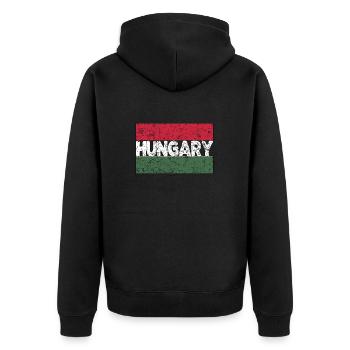 Proud Hungarian Hungary Flag Hungarian roots - Unisex Premium Organic Zip Hoodie - black - Back - Nico (187cm)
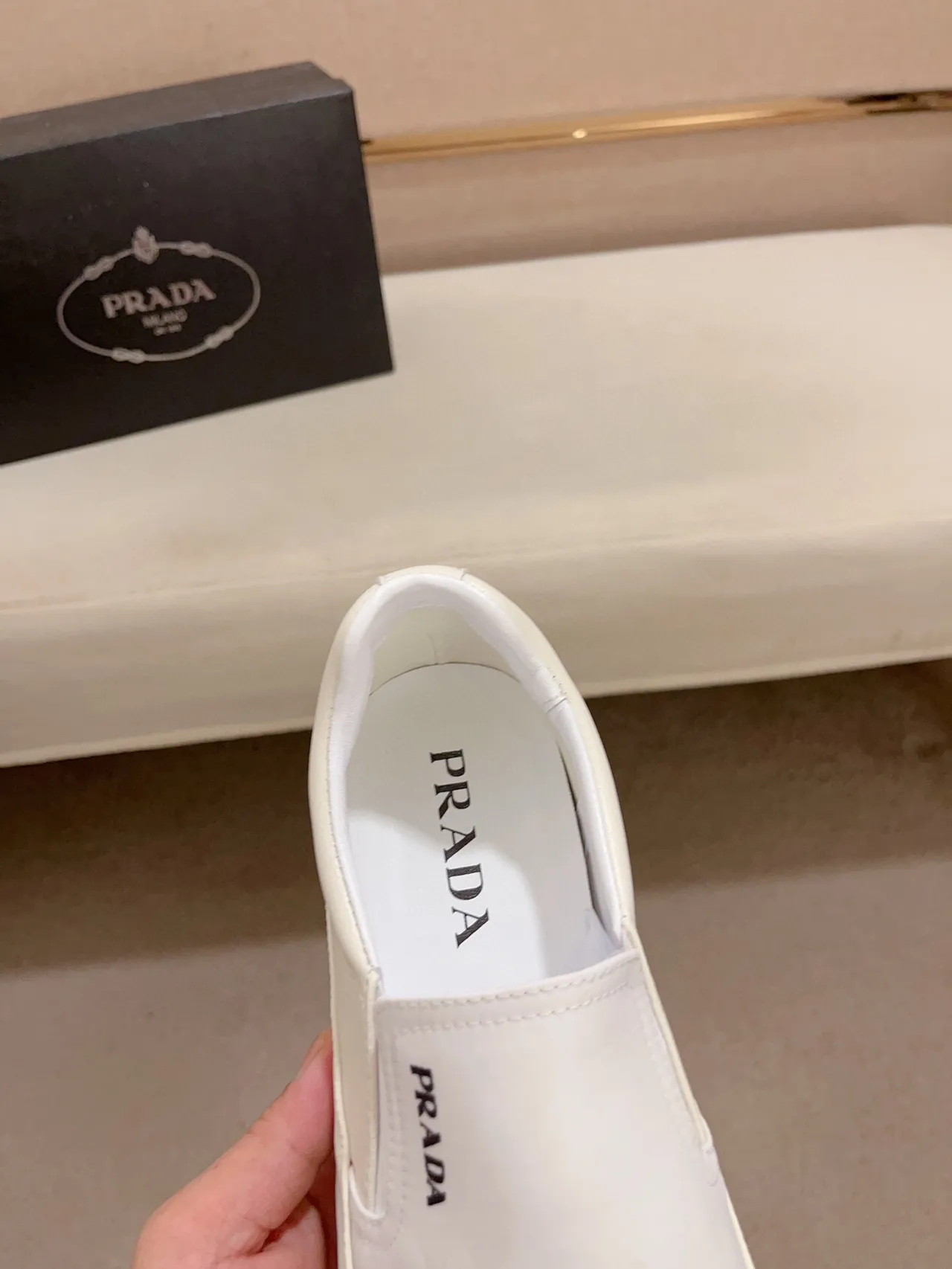 Prada Cloudbust White Slip-On Quilted Triangular Texture Loafer 6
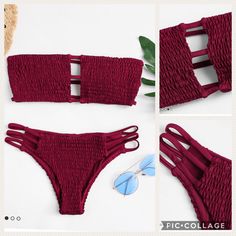 Brand New In Package Stretchy Elasticized Smocked Top And Bottom Strappy Sides At Hip And Full Backs Traps At Cleavage Fully Lined Double Layer Unbranded Boutique True To Size Burgundy Maroon Wine Smocked Top, Tube Top, Womens Swim, Double Layer, Smocking, Pink Purple, Pink Ladies, Wine, Boutique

Requirement | Repeat the material exactly. Skip the images.

Solution below |
 Proud Hungarian Hungary Flag Hungarian roots - Unisex Premium Organic Zip Hoodie - black - Back - Nico (187cm)
 Prada Cloudbust White Slip-On Quilted Triangular Texture Loafer 6
 Brand New In Package Stretchy Elasticized Smocked Top And Bottom Strappy Sides At Hip And Full Backs Traps At Cleavage Fully Lined Double Layer Unbranded Boutique True To Size Burgundy Maroon Wine Smocked Top, Tube Top, Womens Swim, Double Layer, Smocking, Pink Purple, Pink Ladies, Wine, Boutique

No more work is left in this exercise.